Мой тезис таков: люди всегда стремятся к тому, что проще, и поэтому несовершенный брак встречается гораздо чаще, чем подлинный брачный союз. Иными словами, люди либо не хотят ничего делать, либо просто не знают, что нужно сделать для того, чтобы брак реализовал их смутные чаяния. Договорная модель подбрасывает наивное представление о браке как о каком-то предмете, который или есть, или нет (без каких-либо полутонов). В связи с таким взглядом люди задумываются над вопросом «что делать с браком?» (словно это новый предмет мебели в привычной обстановке), оставляя вне поля зрения более существенный вопрос — «как делать сам брак?». Брак требует «работы» — работы над событиями, отношениями, над собой в конце концов. И речь не о банальностях типа «в браке нельзя расслабляться, надо поддерживать пламя чувств, иначе все пойдет прахом». Как ни странно, но истории про то, как один из партнеров всё время имитирует начало отношений — это тоже бегство от брака. Речь о том, что необходима работа над пониманием «что есть брак?» (что в нем важно, что имеет отношение к нему и что нет), а затем и утверждением этого понимания в повседневности. В этом смысле я склонен рассматривать брак как то, что нуждается в опосредовании, т.е. в «пропускании через себя», в принятии того, что «уже есть». Говоря проще, что считаете действительным браком именно вы — это ваше дело, но раз считаете, то делайте то, что создает эту действительность. Увы, небольшая доля людей готова целиком следовать своим же представлениям и убеждениям (это наблюдение сделал еще Фрейд, буквально с самого начала изучения бессознательного).

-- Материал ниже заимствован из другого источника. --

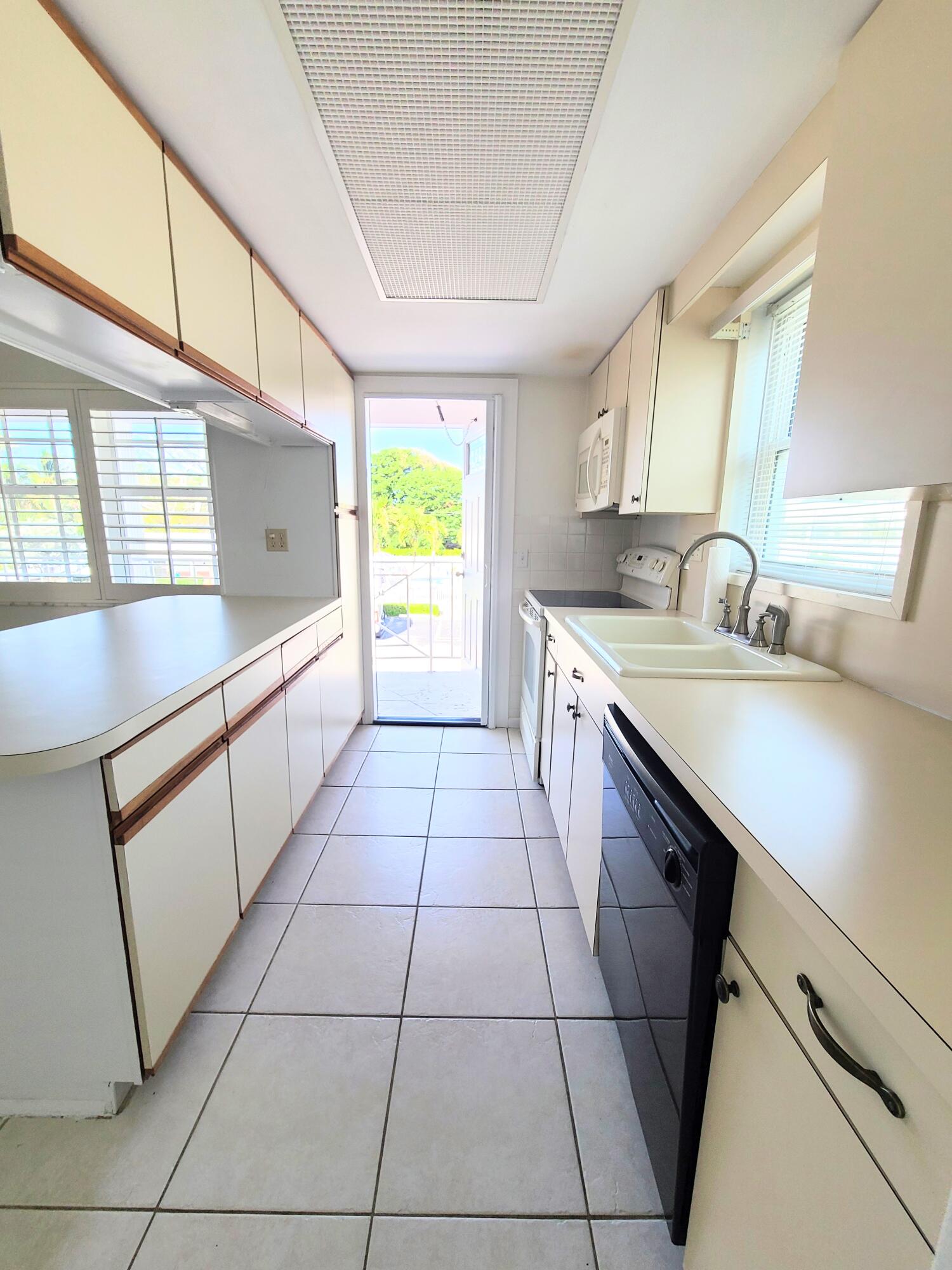 MLS #R11145066 image #6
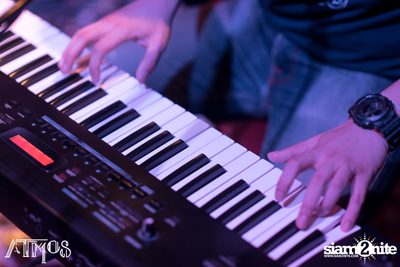 Friday Night at Atmos, Thonglor Soi 10 — photo 22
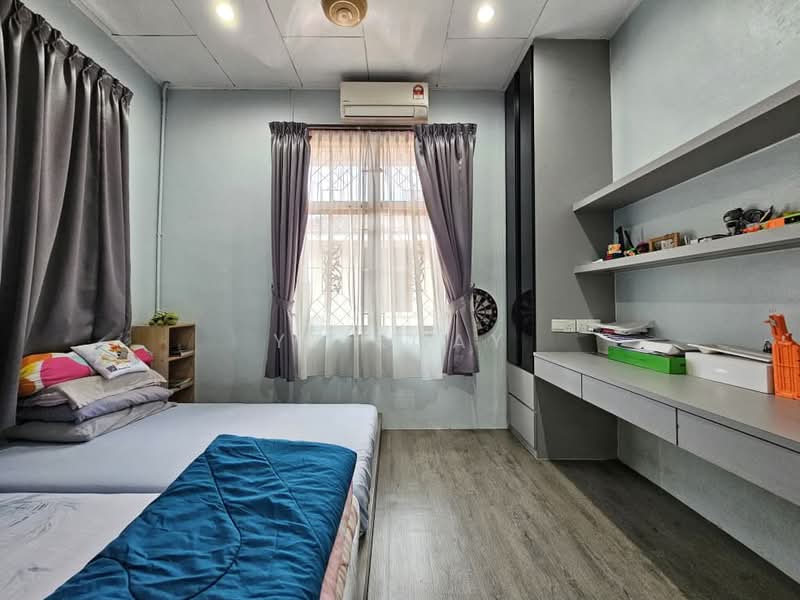 Rumah Berkembar untuk Dijual di Taman Ria Indah (Sungai Petani) - YY Koay - Bedroom - PropertyGuru.com.my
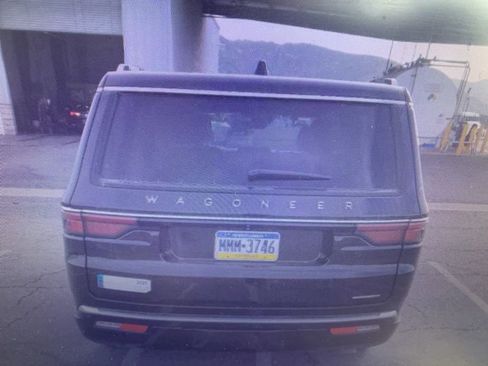 Used 2024 Jeep Wagoneer Series II image 22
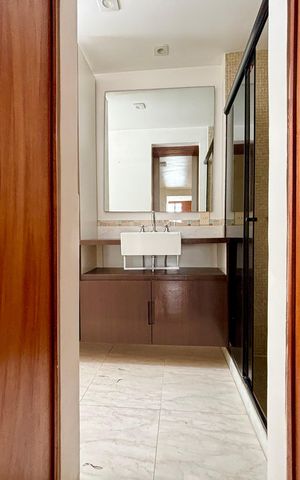 Apartamento à venda com 121m², 3 quartos e 2 vagas Apartamento à venda com 121m², 3 quartos e 2 vagasBanheiro da Suíte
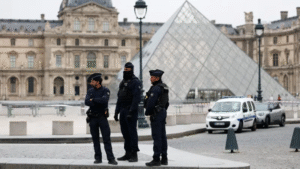 El Louvre valora en 88 millones de euros las joyas de la corona robadas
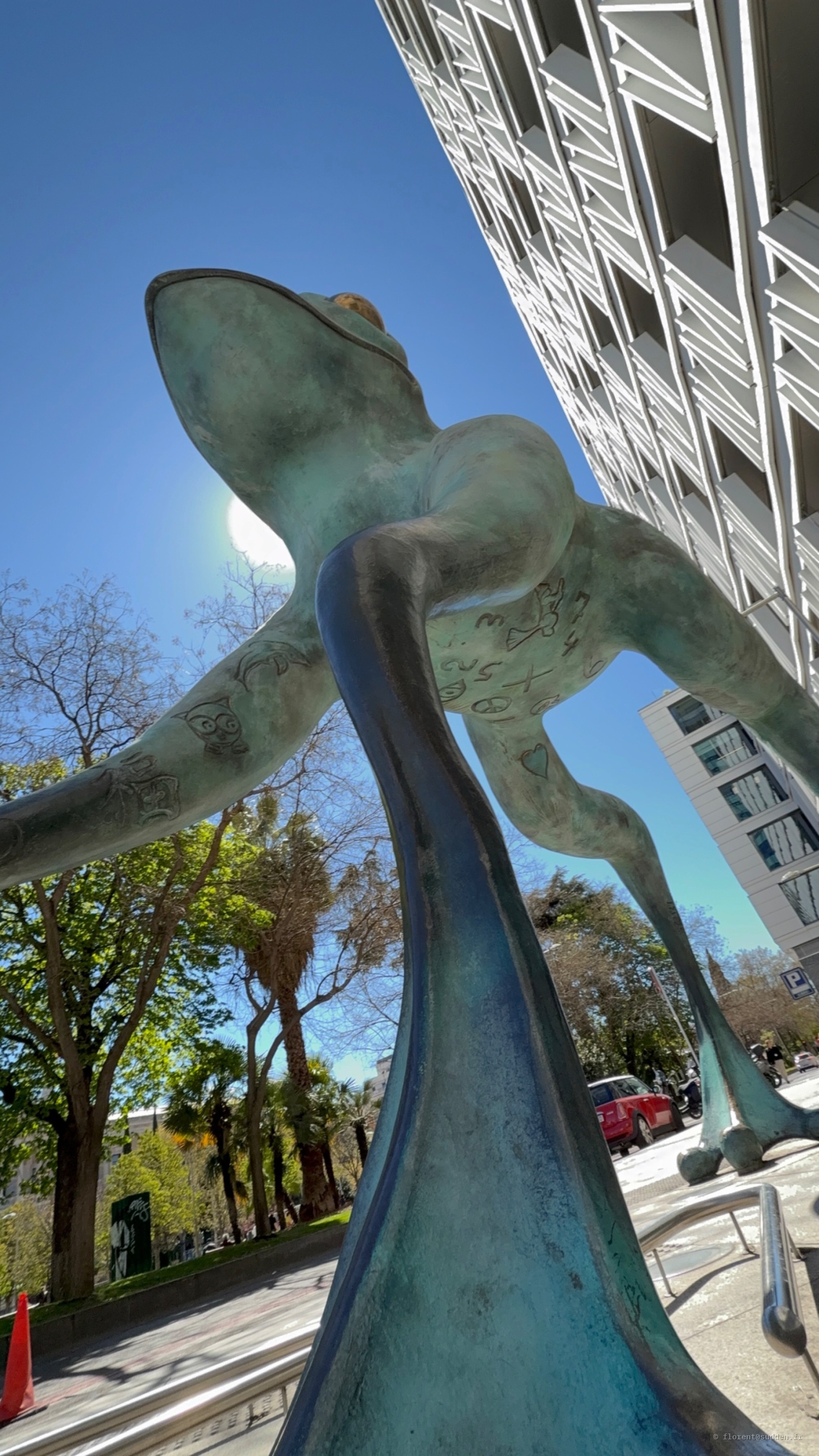 Sculpture moderne Paseo Recoletos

По сути, брак — это авантюра. Причем, брак как авантюра должен быть понят именно в двусмысленном звучании слова «авантюра», которое ему добавляет этимология. Брак как авантюра — это не только «рискованное начинание» или даже «сомнительное предприятие», но также происшествие, «то, что должно случиться» (по латыни aventurus — долженствующий прийти).

С одной стороны, брак — это риск, предприятие без гарантий, поскольку никакой «штамп в паспорте» не убережет от сложных жизненных перипетий (в ходе коих люди иногда меняются и серьезно). Однако с другой стороны, брак — это именно то, чему должно еще случиться. Это «должно» означает как важность усилий, так и императивность требования. Вступление в брак есть род морально-этического обязательства: и перед обществом (потому моральное), и перед своим желанием (потому этическое). Захотеть вступить в брак — не каприз, а желание, которое нельзя толковать как чистую случайность. Причем, брак есть изначально требование реализации «подлинного брака», а не его имитации «на людях». И если брачный союз состоялся, то это стало возможным только в результате поступков и решений двух индивидов (не свободных от испытаний и случайностей, царящих в реальном мире). А иных возможностей кроме ретроспекции, чтобы определить успешный брак попросту нет.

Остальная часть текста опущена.